Three Aspens
It's my birthday. And my dad "forgot" to get a cake.
Of course, according to him, I can't open my presents until after the cake. Which sucks, since there isn't one. Since he, for some unexplained reason, told me I couldn't have even one friend over, my birthday party consists of him, my mom, and me. And Buddy, the neighbor's dog, who is wearing a lame party hat and is nodding off to sleep. Yay.
After my mom and dad have a screaming match over irresponsibility, she stomps out of the house with the keys to get the cake. He goes, smirking, to watch her peel out of the driveway in anger as I ease open the back door and escape into the yard. I let Buddy run happily off to freedom. If only.
I bet they'd be divorced by now if they'd stop shitting around and finally admit they hate each other.
I make my way past the clean-cut lawn to where the tall grass grows. Someday there'll be a division here, and a neighbor's lawn and patio. I dread the day that happens. Hopefully I'll have moved out by then.
The grass is tall enough I can lie down and have my dad not see me. My birthday hat is cutting into the skin behind my ears so I toss it. There is a flattened spot of grass here; it is my spot, the same place I come every time I'm avoiding my dad. Which is basically every day.
My mom travels a lot, and my dad works at home. The days when she's out of town and not one of my friends can have me over, I lay here, sometimes for hours. Even in winter.
I haven't come lately, I finally turned fifteen, got a job, and landed convenient hours where I leave right after school and come home late at night.
You can see the depths I go through to avoid my father.
How I wish they could've had one more child. I'd never have to be alone with him if that happened.
I trace the stars in the sky with my finger, trying to connect them to form a birthday cake. Sixteen candles. There are not enough stars.
"Keira?" I hear his voice, soft, floating through the screen door. I wince and try and flatten myself against the ground. I am a guerilla fighter. I excel in stealth and camouflage. He cannot see me.
He calls me again. I turn over on my stomach to look. He is almost doubled over, leaning into the screen to locate me in the dark. Then he starts wavering around to see through the screen before he drops to the floor. Probably checking for stains in the carpeting. I turn back over. Get a life, dad. Go file some papers.
The sky gets darker and the wind is picking up. More stars come out. He doesn't call again.

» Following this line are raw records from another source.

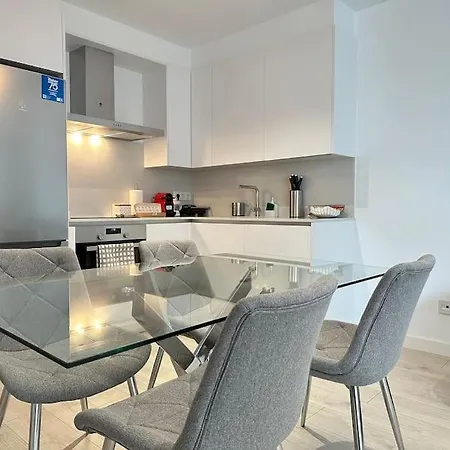 Apartment New Port, Free Parking Ybh2a Vigo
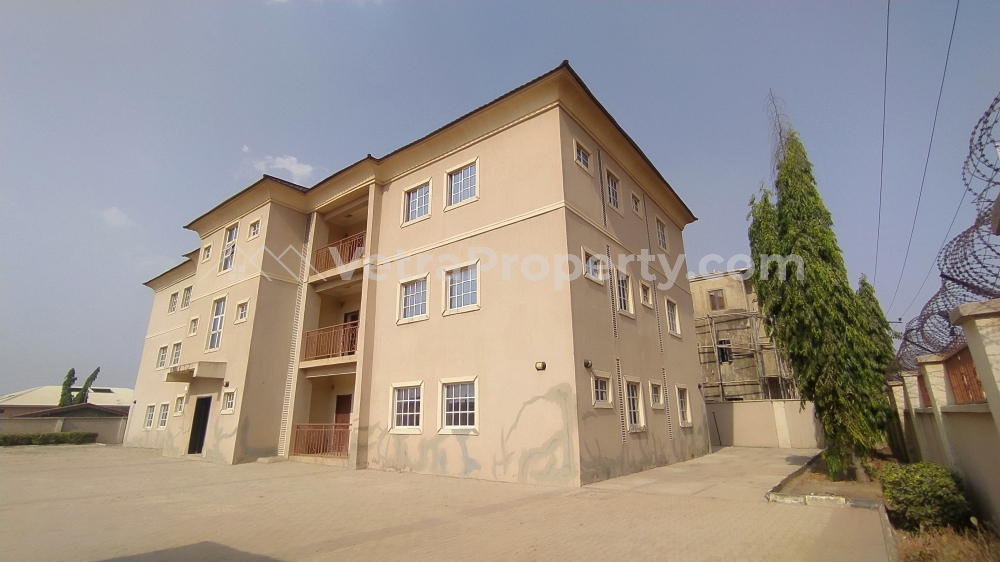  Nicely built Standard 3 bedroom flat with bq corporate tenant  3 bedroom Flat for Rent Mabushi  Abuja Vetra  Property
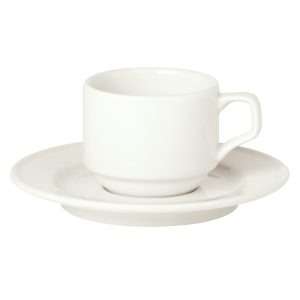 Academy Academy Event Espresso Saucer 12cm QTY: 6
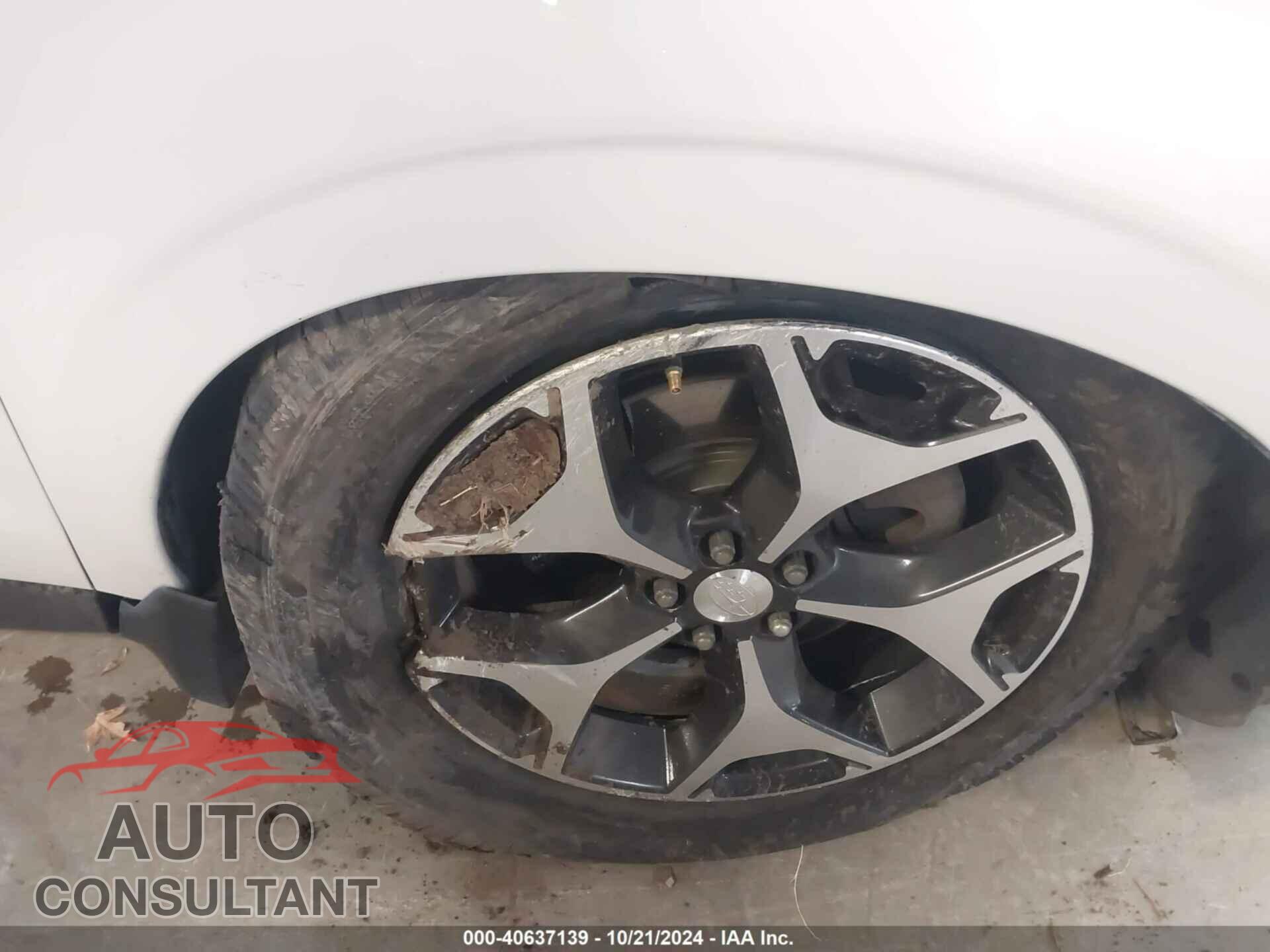 SUBARU FORESTER 2016 - JF2SJGDC2GH477321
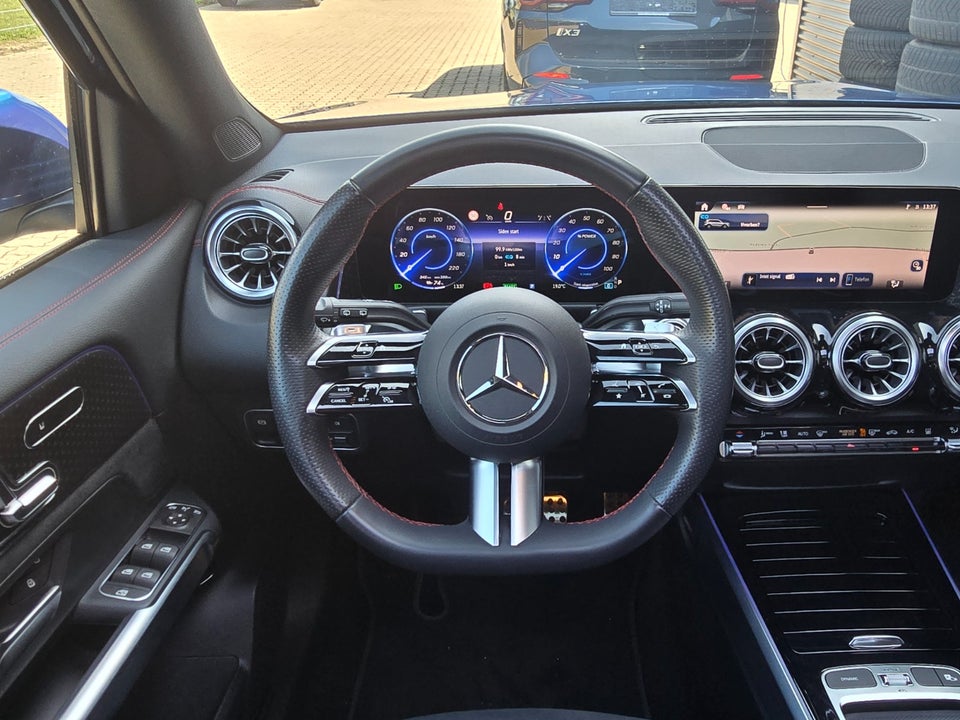 Mercedes EQB250+ AMG Line 7prs 5d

Maybe it would be safe to go inside, but there's no lights on that I can see and my mom still hasn't pulled in. My house looks like a creepy abandoned one that you see in a movie when the stupid person looking for a place for shelter steps into. My father is the one who steps out with the chainsaw and guts them. I could draw endless comparisons between a horror movie and my life, but I'm wearing a skirt and it must be forty degrees.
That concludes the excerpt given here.